If I was honest, I wasn't just tired from the early wake up call. Last night, it had taken me ages to fall asleep. The song in my head from the afternoon hadn't gone away and had just continued to loop and loop and loop, like the most annoying of earworms that had no beginning or end or chorus, just verse, verse, verse. It was infuriating.
And also exhilarating.
Back before, before my current job, before my ex was my ex, I'd always had songs playing in my head. I don't know when it started or if I was just born like this, but it was like there was a jukebox permanently plugged into my brain.
At first, I'd thought it was normal, then I'd thought it was just songs I'd heard that had gotten stuck in my noggin, but eventually, I'd realised that they weren't. They were songs that came from me.
My first song had been horrible, as had the next, as had the next, but it had been so incredibly fun to take the buzzing in my head and turn them into something that vibrated to life in the real world.
The excitement changed as I got better and older, but it never truly went away, at least, not then.
For years now there had only been static in my head, a deadness like a backed up river. I could speak, yes, but beyond that I may as well have been mute.

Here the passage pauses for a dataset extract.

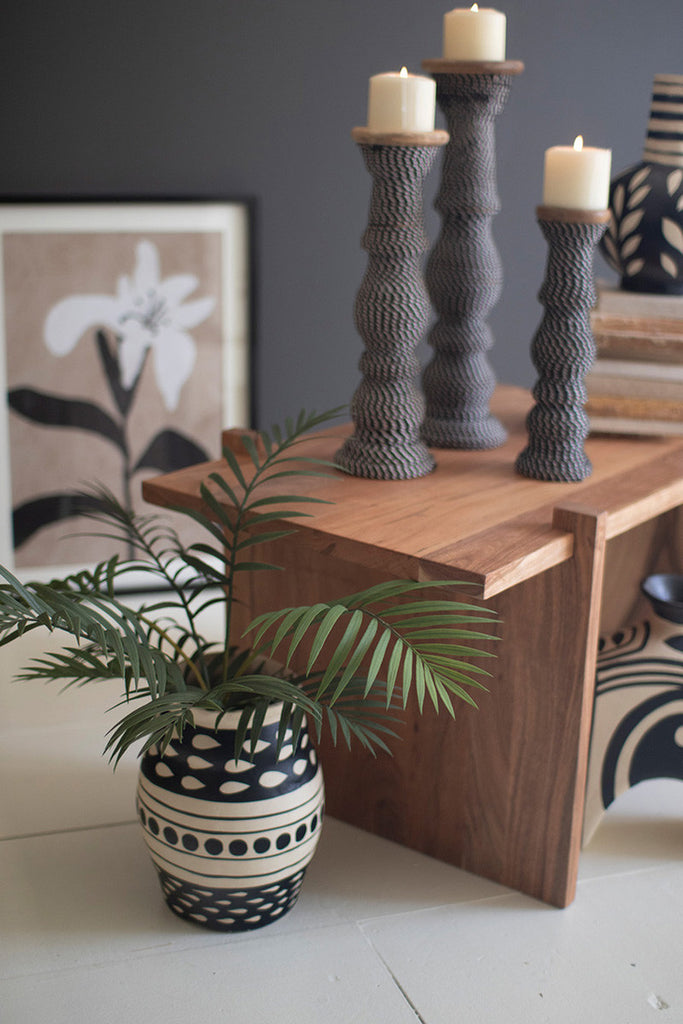 Black and White Paper Mache Urn - Bombay Mercantile
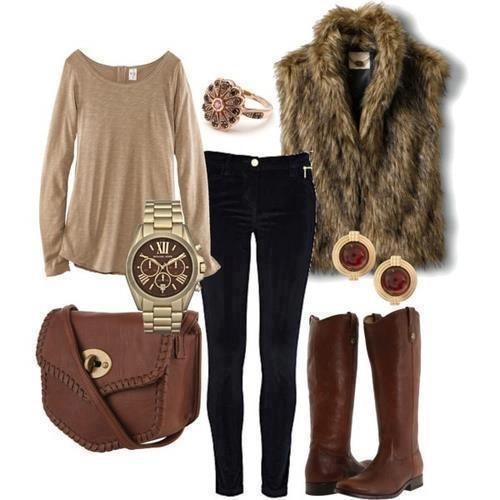 casual outfits incorporating a brown fur vest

Burnout, that's what I told my bandmates. They'd nodded understandingly as they went their way and me mine, but I think they guessed that wasn't the whole truth.
What even was the whole truth? Until a few days ago I would have had to say that I didn't know.

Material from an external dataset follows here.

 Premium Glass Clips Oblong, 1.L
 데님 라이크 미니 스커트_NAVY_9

Even now I wasn't quite sure. What had it been about riding on the back of Aron's bike that had brought the music back?
And now that it was back, what was I to do with it?
The muscle that had spun out melodies and lyrics so easily back then was now stiff and atrophied and hard to even move. I'd thought, ignore it, enjoy it, but don't do anything with it, but that just seemed to make things worse. It made me ache and agitey.
I stopped in front of a bookshelf and peered at the top.
This was ostensibly the English language literature section and the small sliver at the top was English language poetry. I reached up and pulled down a book.
To try and tame the agitation I'd made a half-hearted attempt at noting down the melody and writing a few lyrics but it had all come to nothing. It wasn't just that I was out of practice. There was something else that was blocking things up and I had a good idea what it was and that I wasn't going to be fixing it any time soon.
So, I decided to do what I'd read some musicians do: write in a different language.
For years I'd thought that non-native English speakers that wrote songs in English were doing it to appeal to a wider audience, to maximise their reach, but then I'd read an interview that suggested something different, that writing in a language that was not your own can give you distance from what you're writing about.
Writing songs is inherently embarassing. It's like you're stripping then going for a stroll down the street. It's exposing like few other things are.
Which can be good for expressing emotions and thoughts, but can make it impossible to go deeper than skin level. It's just too personal. Writing in Chinese, either Cantonese or Mandarin, was just too difficult.
I flipped through the poetry book. It was old and moulding a little. I closed it then grabbed two more and headed back to the table, Millie, and her pile of books.